Pursuant to the Indenture, the following covenants apply to the Parent and its restricted subsidiaries, but generally do not apply, or apply only in part, to its Regulated Subsidiaries (as defined):

•    limitation on indebtedness and issuances of preferred stock, which restricts the Parent’s ability to
incur additional indebtedness or to issue preferred stock;
•    limitation on restricted payments, which generally restricts the Parent’s ability to declare certain
dividends or distributions, repurchase its capital stock or to make certain investments;
•    limitation on dividends and other payment restrictions affecting restricted subsidiaries or Regulated
Subsidiaries, which generally limits the ability of certain of the Parent’s subsidiaries to pay dividends
or make other transfers;
•    limitation on future Subsidiary Guarantors (as hereinafter defined), which prohibits certain of the Parent’s     
subsidiaries from guaranteeing its indebtedness or indebtedness of any restricted subsidiary unless the Notes     
are comparably guaranteed;
•    limitation on transactions with shareholders and affiliates, which generally requires transactions among
the Parent’s affiliated entities to be conducted on an arm’s-length basis;
•    limitation on liens, which generally prohibits the Parent and its restricted subsidiaries from granting
liens unless the Notes are comparably secured; and
•    limitation on asset sales, which generally prohibits the Parent and certain of its subsidiaries from selling
assets or certain securities or property of significant subsidiaries.

The Indenture also provides for events of default which, if any of them occurs, would permit or require the principal of and accrued interest on the Notes to become or to be declared due and payable. As of December 31, 2022, we believe that the Parent was in compliance with all of its covenants.

The Notes are jointly and severally and fully and unconditionally guaranteed on a senior secured basis by the Subsidiary Guarantors and future subsidiaries are required to guarantee the Notes pursuant to the indenture. The Notes are secured by a first-priority security interest in substantially all of the Parent’s and the Subsidiary Guarantors’ existing and future tangible and intangible assets, subject to certain exceptions and permitted liens.
Interest expense on the Notes for the year ended December 31, 2022 was $6.8 million ($6.9 million for the year ended December 31, 2021). Interest paid on the Notes for the year ended December 31, 2022 was $6.7 million ($7.0 million for the year ended December 31, 2021).

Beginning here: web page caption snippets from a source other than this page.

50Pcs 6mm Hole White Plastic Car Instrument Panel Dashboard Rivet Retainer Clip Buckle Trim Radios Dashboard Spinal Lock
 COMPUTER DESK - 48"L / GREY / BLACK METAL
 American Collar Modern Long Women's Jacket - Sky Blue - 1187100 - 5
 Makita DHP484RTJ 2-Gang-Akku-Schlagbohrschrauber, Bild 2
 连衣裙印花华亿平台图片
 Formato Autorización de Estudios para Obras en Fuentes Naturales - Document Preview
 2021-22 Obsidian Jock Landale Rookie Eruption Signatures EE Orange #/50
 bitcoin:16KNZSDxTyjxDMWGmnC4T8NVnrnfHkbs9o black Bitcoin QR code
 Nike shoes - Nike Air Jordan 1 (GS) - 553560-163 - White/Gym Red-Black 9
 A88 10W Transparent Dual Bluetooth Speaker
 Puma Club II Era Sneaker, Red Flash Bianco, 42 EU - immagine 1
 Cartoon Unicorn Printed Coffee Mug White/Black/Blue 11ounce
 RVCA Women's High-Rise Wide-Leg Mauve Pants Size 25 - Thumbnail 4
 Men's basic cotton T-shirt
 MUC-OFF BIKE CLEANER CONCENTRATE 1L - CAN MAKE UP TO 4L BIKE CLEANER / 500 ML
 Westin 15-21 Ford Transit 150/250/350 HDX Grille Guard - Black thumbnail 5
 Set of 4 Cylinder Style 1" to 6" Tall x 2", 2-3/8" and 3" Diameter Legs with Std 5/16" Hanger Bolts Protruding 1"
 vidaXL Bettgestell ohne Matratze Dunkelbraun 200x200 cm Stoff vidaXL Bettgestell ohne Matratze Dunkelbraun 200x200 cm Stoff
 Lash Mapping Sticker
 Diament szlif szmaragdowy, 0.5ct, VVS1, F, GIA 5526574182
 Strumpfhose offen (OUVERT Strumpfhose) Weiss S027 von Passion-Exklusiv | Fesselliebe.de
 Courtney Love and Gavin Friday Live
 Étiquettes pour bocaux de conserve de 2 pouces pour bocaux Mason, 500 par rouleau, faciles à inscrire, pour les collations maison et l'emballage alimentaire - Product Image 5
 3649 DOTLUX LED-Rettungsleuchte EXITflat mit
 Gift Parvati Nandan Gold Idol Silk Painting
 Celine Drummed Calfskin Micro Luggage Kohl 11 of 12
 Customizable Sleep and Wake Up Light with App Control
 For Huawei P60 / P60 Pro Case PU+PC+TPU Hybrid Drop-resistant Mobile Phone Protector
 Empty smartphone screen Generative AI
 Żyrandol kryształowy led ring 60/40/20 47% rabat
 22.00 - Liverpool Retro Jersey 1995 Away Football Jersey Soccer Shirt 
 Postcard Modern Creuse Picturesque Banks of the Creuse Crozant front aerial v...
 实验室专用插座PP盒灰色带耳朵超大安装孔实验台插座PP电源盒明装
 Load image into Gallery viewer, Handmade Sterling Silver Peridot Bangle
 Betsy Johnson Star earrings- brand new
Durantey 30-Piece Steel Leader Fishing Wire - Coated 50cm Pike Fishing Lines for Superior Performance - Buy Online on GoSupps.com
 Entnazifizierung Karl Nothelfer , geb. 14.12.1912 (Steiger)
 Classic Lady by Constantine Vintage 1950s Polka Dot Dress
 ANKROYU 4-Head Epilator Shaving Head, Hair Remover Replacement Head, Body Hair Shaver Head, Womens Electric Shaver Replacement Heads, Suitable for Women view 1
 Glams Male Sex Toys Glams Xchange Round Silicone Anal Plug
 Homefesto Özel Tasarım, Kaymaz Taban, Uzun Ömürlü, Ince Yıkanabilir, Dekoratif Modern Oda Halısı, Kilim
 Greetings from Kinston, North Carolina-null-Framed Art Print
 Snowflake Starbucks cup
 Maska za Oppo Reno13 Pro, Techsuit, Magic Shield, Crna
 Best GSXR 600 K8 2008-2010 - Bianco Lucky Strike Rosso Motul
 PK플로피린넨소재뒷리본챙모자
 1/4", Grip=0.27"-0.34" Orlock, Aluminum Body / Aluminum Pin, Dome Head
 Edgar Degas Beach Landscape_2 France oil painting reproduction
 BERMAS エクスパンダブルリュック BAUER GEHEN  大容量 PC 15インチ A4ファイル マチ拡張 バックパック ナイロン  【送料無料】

6.75% Senior Secured Notes (the "Old Notes")
On June 23, 2017, the Parent issued in a private offering $200.0 million aggregate principal amount of 6.75% Senior Secured Notes due 2022 under an indenture at an issue price of 100% of the principal amount. Interest on the Old Notes was payable semi-annually on January 1st and July 1st, beginning January 1, 2018.
The Company redeemed $50.0 million (25%) of the Old Notes on August 25, 2019 plus accrued and unpaid interest and incurred $1.9 million in costs associated with paying the associated call premium ($1.7 million) and the write-off of debt issuance costs ($0.2 million) during the third quarter of 2019.
During the first quarter of 2020, the Company repurchased $1.4 million of the Old Notes. The Company recorded a gain of $85,560 on the repurchase during the first quarter of 2020. The Old Notes were scheduled to mature on July 1, 2022.

On August 28, 2020, the Parent issued a conditional notice of redemption to redeem the entire $150.0 million aggregate principal amount of the outstanding Old Notes on September 28, 2020 (the “Redemption Date”). On September 28, 2020, the Old Notes were fully redeemed.
Interest expense and interest paid on the Old Notes for the year ended December 31, 2020 was $7.4 million.